Lowrie was granted a Loeb Classical Library fellowship and made the Dirk Ippen Fellow for spring 2016 at the American Academy in Berlin, while working on a project entitled 'Safety, Security, and Salvation in Roman Political Thought,' which explored the Roman origins of concepts like national security or emergency and their relationships with societal values. She also gave the J.H. Gray Lectures at the University of Cambridge in 2018.

While completing her book project on security as a Roman metaphor, Lowrie was awarded a National Endowment for the Humanities Fellowship in the 2018-19 cycle, during which she also held an Institute for Advanced Study Fellowship at St. Aidan's College, Durham University in spring 2019.

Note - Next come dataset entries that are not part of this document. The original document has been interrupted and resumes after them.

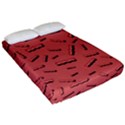 Funny Bacon Slices Pattern infidel vintage red meat background  Fitted Sheet (California King Size) View2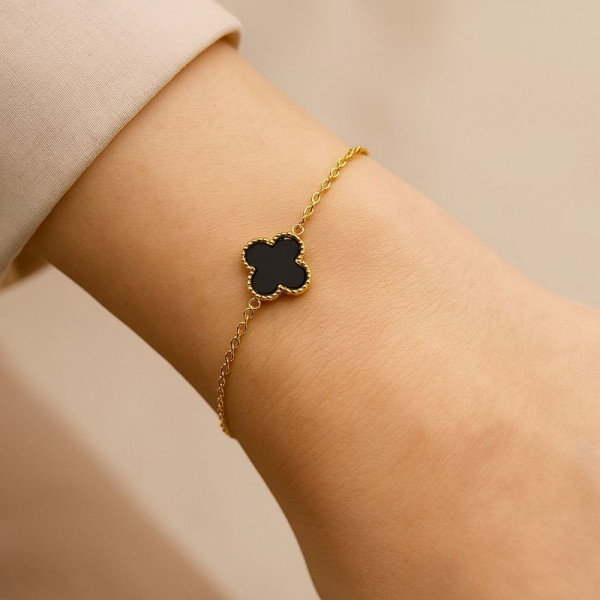 Браслет-нить с клевером и черной эмалью 1J12026CJJ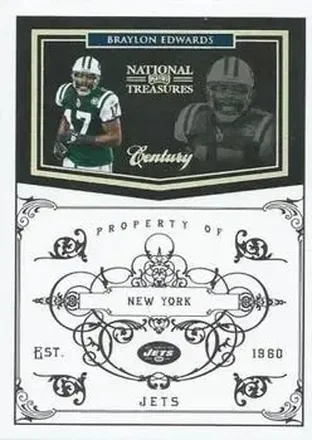 2010 Playoff National Treasures - Century Gold #101 - Braylon Edwards - New York Jets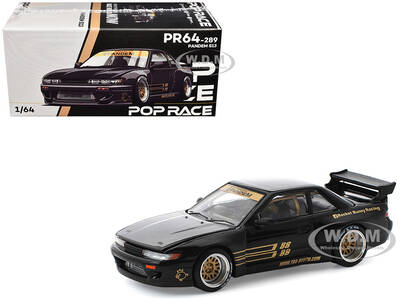 Pandem S13 RHD (Right Hand Drive) Black with Gold Accents 1/64 Diecast Model Car by Pop Race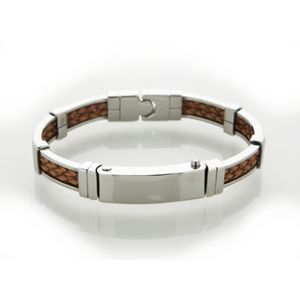 Polished stainless steel bracelet by Cudworth featuring double-strand braided tan leather for a stylish men's jewelry accessory.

== Selected publications ==

- Horace's Narrative Odes (1997). Oxford: Clarendon Press.
- Writing, Performance and Authority in Augustan Rome (2009). Oxford: Oxford University Press.
- (ed.) Oxford Readings in Classical Studies: Horace, Odes and Epodes (2009). Oxford: Oxford University Press.
- (ed., with Susanne Lüdemann), Exemplarity and Singularity: Thinking through Particulars in Philosophy, Literature and Law (2015). London: Routledge.
- Civil War and the Collapse of the Social Bond: The Roman Tradition at the Heart of the Modern, jointly authored with Barbara Vinken (2022). Cambridge: Cambridge University Press.